### WORK ORDER
Word for word, set down every line of the entries below from the line with "Vide dressing, bourse aux livres des Cèdres" to the line with "2015 Toyota 4Runner", including both, and no other line.
─── RECORDS FOR THIS EXERCISE ───
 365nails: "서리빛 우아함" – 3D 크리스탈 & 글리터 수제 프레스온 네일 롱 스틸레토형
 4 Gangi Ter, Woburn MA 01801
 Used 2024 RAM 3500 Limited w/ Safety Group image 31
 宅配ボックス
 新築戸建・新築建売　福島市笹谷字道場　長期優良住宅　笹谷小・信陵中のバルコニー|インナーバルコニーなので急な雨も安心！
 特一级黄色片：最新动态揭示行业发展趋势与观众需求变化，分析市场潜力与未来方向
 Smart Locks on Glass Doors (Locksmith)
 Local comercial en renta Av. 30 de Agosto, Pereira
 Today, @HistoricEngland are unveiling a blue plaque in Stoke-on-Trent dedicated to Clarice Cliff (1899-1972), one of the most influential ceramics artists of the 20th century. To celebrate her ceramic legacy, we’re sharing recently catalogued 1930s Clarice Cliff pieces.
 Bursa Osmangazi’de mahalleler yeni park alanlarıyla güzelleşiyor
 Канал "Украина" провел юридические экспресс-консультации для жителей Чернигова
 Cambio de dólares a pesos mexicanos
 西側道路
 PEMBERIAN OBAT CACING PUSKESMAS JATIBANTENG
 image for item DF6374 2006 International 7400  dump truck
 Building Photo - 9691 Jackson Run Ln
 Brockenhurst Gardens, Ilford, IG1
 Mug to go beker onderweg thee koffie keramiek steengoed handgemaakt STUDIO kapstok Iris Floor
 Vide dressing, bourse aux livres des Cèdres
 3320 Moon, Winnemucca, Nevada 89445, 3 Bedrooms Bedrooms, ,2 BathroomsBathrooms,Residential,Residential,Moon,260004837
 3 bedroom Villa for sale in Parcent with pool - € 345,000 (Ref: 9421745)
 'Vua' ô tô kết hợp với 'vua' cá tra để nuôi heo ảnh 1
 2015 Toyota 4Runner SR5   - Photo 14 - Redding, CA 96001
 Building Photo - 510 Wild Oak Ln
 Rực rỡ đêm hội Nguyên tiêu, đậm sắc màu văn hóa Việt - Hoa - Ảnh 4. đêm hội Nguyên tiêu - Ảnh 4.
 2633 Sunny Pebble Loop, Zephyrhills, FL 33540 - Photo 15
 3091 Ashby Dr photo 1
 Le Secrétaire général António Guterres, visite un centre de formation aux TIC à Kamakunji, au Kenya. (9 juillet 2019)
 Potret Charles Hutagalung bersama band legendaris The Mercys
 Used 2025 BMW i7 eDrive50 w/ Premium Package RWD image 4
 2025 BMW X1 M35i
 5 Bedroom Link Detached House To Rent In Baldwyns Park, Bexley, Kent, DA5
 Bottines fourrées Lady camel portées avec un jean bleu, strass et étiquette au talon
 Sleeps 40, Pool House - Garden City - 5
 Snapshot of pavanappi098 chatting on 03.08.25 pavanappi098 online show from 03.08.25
───
### RESULT BELOW
 Vide dressing, bourse aux livres des Cèdres
 3320 Moon, Winnemucca, Nevada 89445, 3 Bedrooms Bedrooms, ,2 BathroomsBathrooms,Residential,Residential,Moon,260004837
 3 bedroom Villa for sale in Parcent with pool - € 345,000 (Ref: 9421745)
 'Vua' ô tô kết hợp với 'vua' cá tra để nuôi heo ảnh 1
 2015 Toyota 4Runner SR5   - Photo 14 - Redding, CA 96001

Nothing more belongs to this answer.